Di
awal mendengar nama dari judul cerpen tersebut, saya mulai tertarik, Godlob. Mungkin hanya satu karya yang
menggunakan nama Godlob menjadi
judul, karena memang kata itu asing di telinga saya. Rasa penasaran itu
diteruskan dengan mencari tahu apa arti nama tersebut dengan bantuan mesin
pencaharian saat ini, Google. Setelah dicari, ada dua arti yang berbeda dalam
kata Godlob ini. Yang pertama, kata Godlob merupakan dua kata yang
digabungkan, yakni kata God (dalam bahasa Inggris berarti Tuhan) dan Love
(dalam bahasa Inggris berarti Cinta). Yang kedua, kata Godlob merupakan kata
dari bahasa Arab “ghadhab”, yang berarti kemurkaan. Sebelum membaca cerpen
Godlob ini, jelas saya tidak mengerti apa yang akan diceritakan Danarto karena
ada dua arti yang berbeda jauh satu sama lain.
Sebelum
lebih jauh menyusuri cerpen ini, ada baiknya saya memperkenalkan siapa penulis
cerpen Godlob. Danarto namanya, ia sastrawan dan pelukis terkemuka di
Indonesia. Ia dilahirkan pada tanggal 27 Juni 1941 di Sragen, Jawa Tengah. Tak
heran memang bila cerpen-cerpennya berlatar belakang budaya orang Jawa, yaitu
sikap hidup orang Jawa khususnya dunia kebatinan atau mistik Jawa. Namun,
berbeda dengan cerpennya yang berjudul Godlob ini. Dalam cerpennya tidak ada
unsur dunia kebatinan atau mistik Jawa. Walaupun, ada sedikit hal berbau mistik
di dalamnya seperti kematian.
Cerpen
Godlob ditulis pada tahun 1967 dan dijadikan kumpulan cerpen yang nama Godlob
sendiri dijadikan judul pada tahun 1975. Sebenarnya Danarto tidak bisa
digolongkan ke dalam penulis produktif, karena tidak hanya menulis yang ditekuninya
melainkan seni drama dan seni lukis juga. Tercatat selama kurun waktu 12 tahun (1975-1987),
Danarto hanya menghasilkan 4 buku kumpulan cerpen yaitu Godlob, Adam Ma’rifat,
Berhala, dan Orang Jawa Naik Haji.
Ketika
saya mendapat cerpen ini di salah satu website, saya langsung membacanya. Kesan
pertama yang saya dapat ketika membaca paragraf pertama, bingung. Saya tipe
pembaca yang lambat membaca situasi dalam cerpen. Namun ketika saya membaca
paragraf-paragraf selanjutnya, saya mulai memahami situasi macam apa yang ada
di dalam cerpen. Suasana setelah perang tentunya. Danarto benar-benar
menggambarkan situasinya secara visualisasi yang tajam, sehingga pembaca mampu
larut dalam suasana yang berusaha digambarkan oleh Danarto.
Ada
sebagian kata-kata yang diulang oleh Danarto dalam cerpen Godlob ini.
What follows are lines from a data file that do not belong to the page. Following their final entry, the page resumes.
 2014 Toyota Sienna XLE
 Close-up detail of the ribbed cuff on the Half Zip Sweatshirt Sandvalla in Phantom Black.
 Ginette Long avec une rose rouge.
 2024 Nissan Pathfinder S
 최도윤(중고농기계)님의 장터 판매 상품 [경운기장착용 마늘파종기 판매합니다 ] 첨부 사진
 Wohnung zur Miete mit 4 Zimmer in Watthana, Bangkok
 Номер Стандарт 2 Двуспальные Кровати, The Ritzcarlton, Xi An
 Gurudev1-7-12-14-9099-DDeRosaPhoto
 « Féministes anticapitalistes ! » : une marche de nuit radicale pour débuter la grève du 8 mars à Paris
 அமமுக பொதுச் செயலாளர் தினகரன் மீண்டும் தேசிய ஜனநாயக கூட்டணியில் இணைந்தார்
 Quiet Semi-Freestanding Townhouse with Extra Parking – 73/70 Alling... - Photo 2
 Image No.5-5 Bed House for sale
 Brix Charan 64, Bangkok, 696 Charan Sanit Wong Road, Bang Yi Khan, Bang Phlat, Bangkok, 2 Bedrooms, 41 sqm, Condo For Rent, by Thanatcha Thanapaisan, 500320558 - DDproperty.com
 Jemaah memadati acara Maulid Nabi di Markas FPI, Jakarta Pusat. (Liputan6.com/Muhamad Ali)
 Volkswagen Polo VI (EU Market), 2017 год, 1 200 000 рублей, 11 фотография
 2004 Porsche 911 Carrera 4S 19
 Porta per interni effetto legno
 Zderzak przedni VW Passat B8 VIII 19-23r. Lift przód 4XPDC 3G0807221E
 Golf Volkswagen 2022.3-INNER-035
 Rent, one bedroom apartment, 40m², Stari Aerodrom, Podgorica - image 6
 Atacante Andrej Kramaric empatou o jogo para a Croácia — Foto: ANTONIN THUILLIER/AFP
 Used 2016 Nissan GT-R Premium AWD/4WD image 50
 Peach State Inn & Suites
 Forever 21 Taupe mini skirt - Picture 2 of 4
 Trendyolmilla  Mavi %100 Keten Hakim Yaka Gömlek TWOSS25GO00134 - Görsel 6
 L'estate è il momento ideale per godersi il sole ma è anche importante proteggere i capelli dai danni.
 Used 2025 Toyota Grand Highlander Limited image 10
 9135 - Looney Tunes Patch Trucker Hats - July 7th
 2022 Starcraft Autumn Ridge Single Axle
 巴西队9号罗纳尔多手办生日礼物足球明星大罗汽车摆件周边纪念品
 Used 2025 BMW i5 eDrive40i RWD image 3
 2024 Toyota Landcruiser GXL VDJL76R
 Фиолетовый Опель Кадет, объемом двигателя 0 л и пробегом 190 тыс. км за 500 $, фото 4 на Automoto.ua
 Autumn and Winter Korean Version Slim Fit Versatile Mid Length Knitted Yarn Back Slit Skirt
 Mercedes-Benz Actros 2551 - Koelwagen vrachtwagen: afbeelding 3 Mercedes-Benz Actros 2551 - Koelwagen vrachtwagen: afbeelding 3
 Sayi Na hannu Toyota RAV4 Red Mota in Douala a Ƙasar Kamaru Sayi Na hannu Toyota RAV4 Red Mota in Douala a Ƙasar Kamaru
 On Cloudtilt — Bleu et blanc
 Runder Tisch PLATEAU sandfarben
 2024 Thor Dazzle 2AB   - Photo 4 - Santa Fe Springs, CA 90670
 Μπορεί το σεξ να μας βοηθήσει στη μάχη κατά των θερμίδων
Pengulangan katanya ada yang bersifat mengindahkan, ada pula yang bersifat
tidak sesuai dengan kaidah dalam tata bahasa Indonesia. Saya lebih suka dengan
penulis yang langsung ke dalam intinya daripada yang menjelaskan terlalu rumit
untuk dimengerti.
“Laksana
setan maut yang compang-camping mereka buas dan tidak mempunyai ukuran hingga
mereka loncat ke sana loncat kemari, terbang ke sana terbang kemari, dari
bangkai atau mayat yang satu ke gumpalan daging yang lain” (Paragraf 1)
Kata
compang-camping di sini memang pengulangan kata yang sesuai dengan tata bahasa
Indonesia yang baik. Compang tidak bisa berdiri sendiri tanpa adanya camping,
camping pun seperti itu. Berbeda dengan kata gerombolan gagak-gagak yang
terdapat dalam paragraf 8.
“Tiap
kali gerobak itu melewati gerombolan gagak-gagak yang sedang pesta itu,
gerombolan yang satu ke gerombolan yang lain, hingga mengingatkan lalat-lalat
yang diusir dari koreng kerumunannya”
Dalam
kata gerombolan gagak-gagak merupakan satu hal fatal dalam penggunaan bahasa
Indonesia. Mengapa demikian? Arti kata gerombolan merupakan satu benda yang
jumlahnya lebih dari satu atau banyak. Seharusnya bila sudah menggunakan kata
gerombolan, cukup gagak saja untuk kata selanjutnya, jangan gagak-gagak. Namun,
ini merupakan satu kekhasan yang dipakai Danarto dalam cerpen Godlob.
Bagi
Camus dalam Mite Sisifus, absurditas kehidupan tidak hadir dengan sendirinya,
melainkan ada faktor kuat yang mendorong absurditas itu hadir dalam keseharian.
Pada awalnya, manusia merasa bahwa semua yang dilakukannya bermakna dan bermanfaat.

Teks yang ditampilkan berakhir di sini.